BAB I
PENDAHULUAN
A.
Latar Belakang Masalah
Akibat dari paradigma yang sekuler, pengetahuan modern
(barat) menjadi kering, bahkan terpisah dari nilai-nilai tauhid dan theologis.
Demi menjaga identitas keislaman dalam persaingan budaya global, para ilmuan
muslim bersikap defensive dengan mengambil posisi muslim konservatif-statis,
yakni dengan melarang segala bentuk inokasi dan mengedapankan ketaatan fanatik
terhadap syari’ah yang dianggap telah final. Mereka melupakan sumber
kreativitas yakni ijtihad, bahkan menenangkan ketetutupannya.
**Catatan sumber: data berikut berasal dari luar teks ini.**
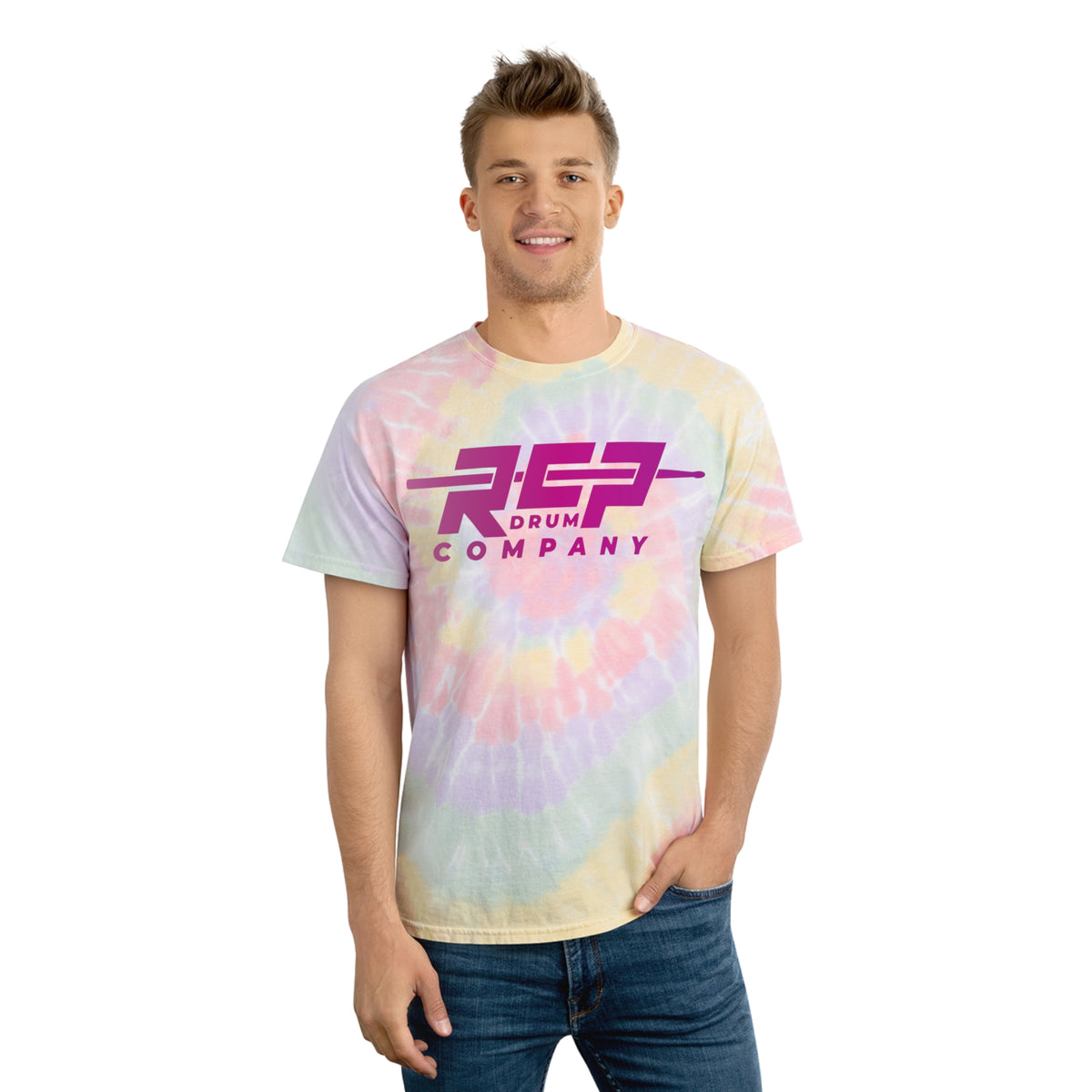 RCP Drum Company Tie-Dye T-Shirt | Pink Logo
Sikap keilmuan muslim tersebut pada akhirnya bisa
menimbulkan pemisahan wahyu dari akal, pemisahan pemikian dari aksi dan pemisahan
pikiran dari kultur, bahkan menimbulkakn stagnasi keilmuan dikalangan mereka.
Sehingga dampak negatif dari model keilmuan islam sendiri tidak kalah
membahayakan dibanding sains barat. Oleh Karena itu, perlu usaha untuk
mempertemukan kelebihan diantara keduanya. Sehingga lahir keilmuan baru yang
modern tetapi tetap bersifat religius dan bernafaskan tauhid.
B.
Rumusan Masalah
1.
Bagaimana biografi seorang tokoh filosof muslim (Ismail
Raji Al-Faruqi) ?
2.
Bagaimana konsep pendidikan Ismail Raji Al-Faruqi ?
3.
Apa saja kontribusi Ismail Raji Al-Faruqi ?
C.
Tujuan Penulisan
1.
Untuk mengetahui biografi Ismail Raji Al-Faruqi
2.
Untuk mengetahui konsep pendidikan Ismail Raji
Al-Faruqi
3.
Untuk mengetahui apa saja kontribusi Ismail Raji
Al-Faruqi
BAB II
PEMBAHASAN
A.
Biografi Ismail Raji Al-Faruqi
Ismail Raji Al-Faruqi lahir pada tanggal 1 januari
1921 di Jaffa,
Palestina.[1]
Ayahnya seorang qodi di palestina. Pengalaman pendidikanya di awali dari
pendidikan madrasah di desa kelahirannya (college des ferese), Libanon
yang menggunakan bahasa prancis sebagai bahasa pengantarnya, predikat sarjana
muda diperolehnya dari Amerika university, Bairut jurusan filsafat pada tahun
1941
Ismail Raji Al-Faruqi
pernah menjadi pegawai negeri selama empat tahun di palestina yang
ketika itu masih dalam status mandat Inggris. Karir birokrasi Ismail Raji
Al-Faruqi pernah mencapai jabatan sebagai gubenur di Galilela, Palestina pada
usia 24 tahun. Namun jabatan ini tidak lama karena pada tahun 1947 propinsi
tersebut jatuh ke tangan Israel, sehingga ia pindah ke Amerika serikat pada
tahun 1948.[2]
Pada tahun 1949 Ismail Raji Al-Faruqi melanjutkan
studinya di Universitas Indian sampai meraih gelar master dalam bidang
filsafat. Dua tahun kemudian ia meraih gelar master kedua dalam bidang yang
sama dari universitas Harvard. Pada tahun 1952 ia meraih gelar Ph. D dari Universitas
Indian dengan disertasi berjudul “Tentang Pembenahan Tuhan: Metafisika dan
Epistimologi nilai”.[3]
Namun apa yang ia capai tidak memuaskan, karena itu ia kemudian pergi ke Mesir
untuk lebih mendalam ilmu keislaman di universitas Al-Azhar Kairo.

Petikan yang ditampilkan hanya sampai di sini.